*** INFORMATION GIVEN Section Begins ***
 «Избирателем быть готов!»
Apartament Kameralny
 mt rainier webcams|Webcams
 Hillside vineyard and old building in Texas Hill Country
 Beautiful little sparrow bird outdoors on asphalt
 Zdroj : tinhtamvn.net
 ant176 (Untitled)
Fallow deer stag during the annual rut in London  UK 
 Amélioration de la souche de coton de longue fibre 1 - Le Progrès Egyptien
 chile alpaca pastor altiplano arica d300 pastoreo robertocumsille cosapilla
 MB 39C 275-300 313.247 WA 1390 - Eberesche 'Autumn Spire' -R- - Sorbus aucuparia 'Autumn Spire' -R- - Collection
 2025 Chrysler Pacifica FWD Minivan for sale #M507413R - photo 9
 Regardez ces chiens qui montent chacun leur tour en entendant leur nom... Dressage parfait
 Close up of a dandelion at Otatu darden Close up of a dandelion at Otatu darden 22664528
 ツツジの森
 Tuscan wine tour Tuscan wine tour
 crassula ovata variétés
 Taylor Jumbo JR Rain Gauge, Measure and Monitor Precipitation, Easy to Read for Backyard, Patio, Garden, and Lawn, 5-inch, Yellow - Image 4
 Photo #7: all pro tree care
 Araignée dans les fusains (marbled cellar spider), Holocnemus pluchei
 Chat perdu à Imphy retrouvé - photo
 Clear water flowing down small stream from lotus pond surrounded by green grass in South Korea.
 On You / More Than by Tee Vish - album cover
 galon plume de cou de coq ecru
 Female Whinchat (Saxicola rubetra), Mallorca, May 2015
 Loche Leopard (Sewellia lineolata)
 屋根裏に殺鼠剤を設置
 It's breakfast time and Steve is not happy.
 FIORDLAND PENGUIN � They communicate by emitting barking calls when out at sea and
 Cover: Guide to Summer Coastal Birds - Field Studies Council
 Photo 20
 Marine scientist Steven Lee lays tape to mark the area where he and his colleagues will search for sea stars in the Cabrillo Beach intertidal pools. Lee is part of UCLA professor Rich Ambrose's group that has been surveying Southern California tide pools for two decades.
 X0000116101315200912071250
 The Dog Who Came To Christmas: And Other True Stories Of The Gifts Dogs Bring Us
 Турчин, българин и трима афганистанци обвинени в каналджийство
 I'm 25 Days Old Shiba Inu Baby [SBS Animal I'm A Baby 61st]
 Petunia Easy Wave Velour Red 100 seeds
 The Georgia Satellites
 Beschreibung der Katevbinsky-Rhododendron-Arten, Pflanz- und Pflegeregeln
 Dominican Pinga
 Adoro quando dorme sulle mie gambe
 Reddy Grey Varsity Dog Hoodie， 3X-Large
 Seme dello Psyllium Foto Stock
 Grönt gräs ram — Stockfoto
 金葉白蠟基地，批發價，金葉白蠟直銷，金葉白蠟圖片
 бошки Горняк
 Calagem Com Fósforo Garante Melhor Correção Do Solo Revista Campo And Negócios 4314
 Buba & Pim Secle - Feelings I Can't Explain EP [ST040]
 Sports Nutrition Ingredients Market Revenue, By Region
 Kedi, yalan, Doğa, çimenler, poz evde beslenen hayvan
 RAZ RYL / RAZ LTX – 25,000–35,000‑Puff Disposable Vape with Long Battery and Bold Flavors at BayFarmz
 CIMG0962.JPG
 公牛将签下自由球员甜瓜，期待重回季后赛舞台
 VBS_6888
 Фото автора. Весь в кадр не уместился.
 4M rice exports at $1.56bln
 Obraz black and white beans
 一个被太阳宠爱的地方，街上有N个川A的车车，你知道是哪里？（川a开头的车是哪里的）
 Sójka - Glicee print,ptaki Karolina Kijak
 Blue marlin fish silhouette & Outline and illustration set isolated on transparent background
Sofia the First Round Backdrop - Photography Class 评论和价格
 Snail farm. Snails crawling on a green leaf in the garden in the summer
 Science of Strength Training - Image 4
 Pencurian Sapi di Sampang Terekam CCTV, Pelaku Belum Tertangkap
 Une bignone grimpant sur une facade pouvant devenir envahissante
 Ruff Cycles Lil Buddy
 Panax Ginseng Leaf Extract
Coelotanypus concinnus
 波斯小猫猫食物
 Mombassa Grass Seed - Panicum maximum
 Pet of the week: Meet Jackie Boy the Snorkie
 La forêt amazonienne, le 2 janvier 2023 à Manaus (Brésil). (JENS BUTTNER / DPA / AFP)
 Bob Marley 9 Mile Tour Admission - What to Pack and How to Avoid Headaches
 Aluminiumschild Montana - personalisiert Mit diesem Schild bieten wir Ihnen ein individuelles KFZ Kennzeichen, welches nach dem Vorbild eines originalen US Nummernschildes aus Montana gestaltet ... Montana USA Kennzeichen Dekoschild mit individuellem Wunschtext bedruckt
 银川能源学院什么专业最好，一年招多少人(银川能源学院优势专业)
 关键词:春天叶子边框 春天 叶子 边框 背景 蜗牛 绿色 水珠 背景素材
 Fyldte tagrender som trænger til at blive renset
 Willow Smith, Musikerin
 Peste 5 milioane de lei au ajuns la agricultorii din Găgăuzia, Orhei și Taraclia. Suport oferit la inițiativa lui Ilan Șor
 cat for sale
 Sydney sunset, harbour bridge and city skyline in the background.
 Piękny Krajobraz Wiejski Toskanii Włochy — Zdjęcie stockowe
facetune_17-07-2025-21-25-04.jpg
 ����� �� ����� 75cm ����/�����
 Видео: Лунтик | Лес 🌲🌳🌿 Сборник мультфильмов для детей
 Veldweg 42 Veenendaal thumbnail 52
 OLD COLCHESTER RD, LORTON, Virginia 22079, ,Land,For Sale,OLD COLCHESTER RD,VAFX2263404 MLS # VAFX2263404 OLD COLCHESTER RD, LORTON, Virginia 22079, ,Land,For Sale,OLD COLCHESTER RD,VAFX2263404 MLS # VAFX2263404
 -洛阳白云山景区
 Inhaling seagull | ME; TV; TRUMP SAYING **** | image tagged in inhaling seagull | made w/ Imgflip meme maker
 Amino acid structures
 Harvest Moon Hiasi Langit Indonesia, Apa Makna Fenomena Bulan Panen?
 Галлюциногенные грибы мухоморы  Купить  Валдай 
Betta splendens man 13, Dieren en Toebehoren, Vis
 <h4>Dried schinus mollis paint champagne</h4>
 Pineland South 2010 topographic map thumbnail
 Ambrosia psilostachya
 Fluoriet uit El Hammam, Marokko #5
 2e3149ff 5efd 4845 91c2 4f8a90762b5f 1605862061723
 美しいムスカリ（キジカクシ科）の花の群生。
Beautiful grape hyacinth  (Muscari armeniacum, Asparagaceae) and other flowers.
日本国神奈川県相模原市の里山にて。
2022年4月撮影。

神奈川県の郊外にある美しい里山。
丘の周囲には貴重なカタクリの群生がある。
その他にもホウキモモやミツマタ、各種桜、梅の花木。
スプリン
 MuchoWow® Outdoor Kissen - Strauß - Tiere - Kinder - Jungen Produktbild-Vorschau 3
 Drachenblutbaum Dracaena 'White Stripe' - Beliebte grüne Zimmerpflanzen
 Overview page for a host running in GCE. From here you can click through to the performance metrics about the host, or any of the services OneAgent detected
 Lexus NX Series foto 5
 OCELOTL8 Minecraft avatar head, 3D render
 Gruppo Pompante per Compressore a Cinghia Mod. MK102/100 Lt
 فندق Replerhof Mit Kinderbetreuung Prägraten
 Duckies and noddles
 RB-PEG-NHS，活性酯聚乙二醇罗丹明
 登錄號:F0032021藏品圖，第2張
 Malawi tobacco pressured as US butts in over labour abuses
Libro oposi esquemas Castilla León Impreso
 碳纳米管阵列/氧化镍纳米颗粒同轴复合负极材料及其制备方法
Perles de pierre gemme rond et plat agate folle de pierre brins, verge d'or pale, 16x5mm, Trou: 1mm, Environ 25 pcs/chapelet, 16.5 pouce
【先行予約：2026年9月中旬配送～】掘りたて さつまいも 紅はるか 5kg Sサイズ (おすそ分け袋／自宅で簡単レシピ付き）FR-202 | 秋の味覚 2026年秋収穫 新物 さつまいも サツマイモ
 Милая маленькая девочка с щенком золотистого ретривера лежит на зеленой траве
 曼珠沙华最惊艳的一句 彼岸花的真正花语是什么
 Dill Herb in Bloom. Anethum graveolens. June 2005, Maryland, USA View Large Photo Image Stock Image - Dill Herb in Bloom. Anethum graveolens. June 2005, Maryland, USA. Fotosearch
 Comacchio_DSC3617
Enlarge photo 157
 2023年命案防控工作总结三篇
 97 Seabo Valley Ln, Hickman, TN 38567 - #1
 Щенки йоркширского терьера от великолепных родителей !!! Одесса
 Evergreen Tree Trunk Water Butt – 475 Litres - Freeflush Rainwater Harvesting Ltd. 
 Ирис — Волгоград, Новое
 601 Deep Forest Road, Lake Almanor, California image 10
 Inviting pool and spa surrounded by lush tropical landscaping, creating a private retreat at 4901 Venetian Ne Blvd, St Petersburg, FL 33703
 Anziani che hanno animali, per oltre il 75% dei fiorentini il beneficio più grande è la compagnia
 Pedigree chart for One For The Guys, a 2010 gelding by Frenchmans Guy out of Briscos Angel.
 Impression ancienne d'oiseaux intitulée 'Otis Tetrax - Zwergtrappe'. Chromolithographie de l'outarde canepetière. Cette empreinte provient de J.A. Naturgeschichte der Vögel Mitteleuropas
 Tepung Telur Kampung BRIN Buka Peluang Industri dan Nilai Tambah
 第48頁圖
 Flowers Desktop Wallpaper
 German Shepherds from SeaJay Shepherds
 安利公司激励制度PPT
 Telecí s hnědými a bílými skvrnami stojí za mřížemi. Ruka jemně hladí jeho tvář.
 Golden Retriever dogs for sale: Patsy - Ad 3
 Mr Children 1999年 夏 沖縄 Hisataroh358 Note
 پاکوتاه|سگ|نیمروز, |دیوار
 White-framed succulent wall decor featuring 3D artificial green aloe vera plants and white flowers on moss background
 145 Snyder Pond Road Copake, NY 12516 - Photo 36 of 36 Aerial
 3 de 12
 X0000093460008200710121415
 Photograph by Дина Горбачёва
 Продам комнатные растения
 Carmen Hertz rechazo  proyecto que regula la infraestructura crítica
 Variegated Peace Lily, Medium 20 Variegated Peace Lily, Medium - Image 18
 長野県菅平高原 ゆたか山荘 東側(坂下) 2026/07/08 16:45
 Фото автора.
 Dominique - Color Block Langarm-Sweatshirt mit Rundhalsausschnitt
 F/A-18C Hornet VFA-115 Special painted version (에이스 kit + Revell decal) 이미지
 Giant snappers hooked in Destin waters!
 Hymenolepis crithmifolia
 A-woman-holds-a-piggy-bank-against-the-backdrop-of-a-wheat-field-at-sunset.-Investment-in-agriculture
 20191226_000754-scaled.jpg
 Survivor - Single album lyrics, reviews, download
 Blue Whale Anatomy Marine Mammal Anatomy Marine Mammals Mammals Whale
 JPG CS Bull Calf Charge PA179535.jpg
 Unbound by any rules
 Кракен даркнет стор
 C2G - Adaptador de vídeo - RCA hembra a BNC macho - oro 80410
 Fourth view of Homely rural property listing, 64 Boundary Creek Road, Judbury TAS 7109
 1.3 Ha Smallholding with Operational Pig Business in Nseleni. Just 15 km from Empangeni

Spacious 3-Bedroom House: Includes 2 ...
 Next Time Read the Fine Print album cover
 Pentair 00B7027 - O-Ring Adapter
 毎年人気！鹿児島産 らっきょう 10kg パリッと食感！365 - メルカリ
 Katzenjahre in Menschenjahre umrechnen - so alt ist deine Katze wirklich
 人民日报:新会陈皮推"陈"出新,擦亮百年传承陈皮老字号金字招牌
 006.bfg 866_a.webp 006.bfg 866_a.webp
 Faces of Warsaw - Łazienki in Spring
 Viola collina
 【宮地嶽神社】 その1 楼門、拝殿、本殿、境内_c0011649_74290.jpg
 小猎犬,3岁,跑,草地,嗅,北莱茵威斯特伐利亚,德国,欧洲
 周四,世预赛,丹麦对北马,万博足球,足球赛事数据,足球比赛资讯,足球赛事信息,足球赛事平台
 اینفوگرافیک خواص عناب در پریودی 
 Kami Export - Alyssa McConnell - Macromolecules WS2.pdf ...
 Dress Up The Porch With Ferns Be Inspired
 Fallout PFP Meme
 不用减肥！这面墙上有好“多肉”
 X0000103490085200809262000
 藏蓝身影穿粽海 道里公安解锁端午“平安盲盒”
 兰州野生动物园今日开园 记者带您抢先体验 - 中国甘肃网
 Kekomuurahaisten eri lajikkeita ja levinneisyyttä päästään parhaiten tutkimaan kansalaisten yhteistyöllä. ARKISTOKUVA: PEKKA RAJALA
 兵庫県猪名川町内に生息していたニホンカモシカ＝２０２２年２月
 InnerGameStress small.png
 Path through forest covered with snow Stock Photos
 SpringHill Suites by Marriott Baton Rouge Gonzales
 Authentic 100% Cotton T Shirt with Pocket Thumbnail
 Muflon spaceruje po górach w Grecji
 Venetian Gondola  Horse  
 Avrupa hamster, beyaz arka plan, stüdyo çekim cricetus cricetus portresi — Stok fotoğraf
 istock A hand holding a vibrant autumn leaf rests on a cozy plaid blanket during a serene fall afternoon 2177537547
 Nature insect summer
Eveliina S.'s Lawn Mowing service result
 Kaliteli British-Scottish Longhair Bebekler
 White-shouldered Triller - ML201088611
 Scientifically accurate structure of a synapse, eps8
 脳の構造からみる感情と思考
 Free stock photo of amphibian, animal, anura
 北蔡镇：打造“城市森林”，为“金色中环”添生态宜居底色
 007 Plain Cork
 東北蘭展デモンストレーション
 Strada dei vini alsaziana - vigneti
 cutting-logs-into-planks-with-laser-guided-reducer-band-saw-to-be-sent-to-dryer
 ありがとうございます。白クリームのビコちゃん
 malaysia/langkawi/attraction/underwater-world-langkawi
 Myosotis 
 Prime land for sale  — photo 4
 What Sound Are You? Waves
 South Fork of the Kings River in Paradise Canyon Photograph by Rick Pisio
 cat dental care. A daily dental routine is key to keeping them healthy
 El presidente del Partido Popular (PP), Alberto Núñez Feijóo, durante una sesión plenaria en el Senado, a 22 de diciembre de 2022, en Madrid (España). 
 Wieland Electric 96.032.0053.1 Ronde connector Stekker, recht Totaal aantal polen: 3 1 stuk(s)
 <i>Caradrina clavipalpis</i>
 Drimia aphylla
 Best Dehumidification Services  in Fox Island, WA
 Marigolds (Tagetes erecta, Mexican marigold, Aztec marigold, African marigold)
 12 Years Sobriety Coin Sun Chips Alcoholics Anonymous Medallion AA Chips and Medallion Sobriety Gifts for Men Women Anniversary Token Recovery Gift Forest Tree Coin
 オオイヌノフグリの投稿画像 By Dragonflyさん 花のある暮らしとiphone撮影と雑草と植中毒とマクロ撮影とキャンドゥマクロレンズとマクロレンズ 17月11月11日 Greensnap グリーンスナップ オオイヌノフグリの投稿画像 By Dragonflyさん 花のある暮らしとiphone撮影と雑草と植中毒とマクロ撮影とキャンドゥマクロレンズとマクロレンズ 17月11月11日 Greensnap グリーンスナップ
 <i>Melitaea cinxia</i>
*** INFORMATION GIVEN Section Ends ***
YOUR INSTRUCTIONS:
Look above for the line holding "The Dog Who". Print it and every line after it, exactly, through the line holding "Dominican Pinga".

EXPECTED OUTPUT:
 The Dog Who Came To Christmas: And Other True Stories Of The Gifts Dogs Bring Us
 Турчин, българин и трима афганистанци обвинени в каналджийство
 I'm 25 Days Old Shiba Inu Baby [SBS Animal I'm A Baby 61st]
 Petunia Easy Wave Velour Red 100 seeds
 The Georgia Satellites
 Beschreibung der Katevbinsky-Rhododendron-Arten, Pflanz- und Pflegeregeln
 Dominican Pinga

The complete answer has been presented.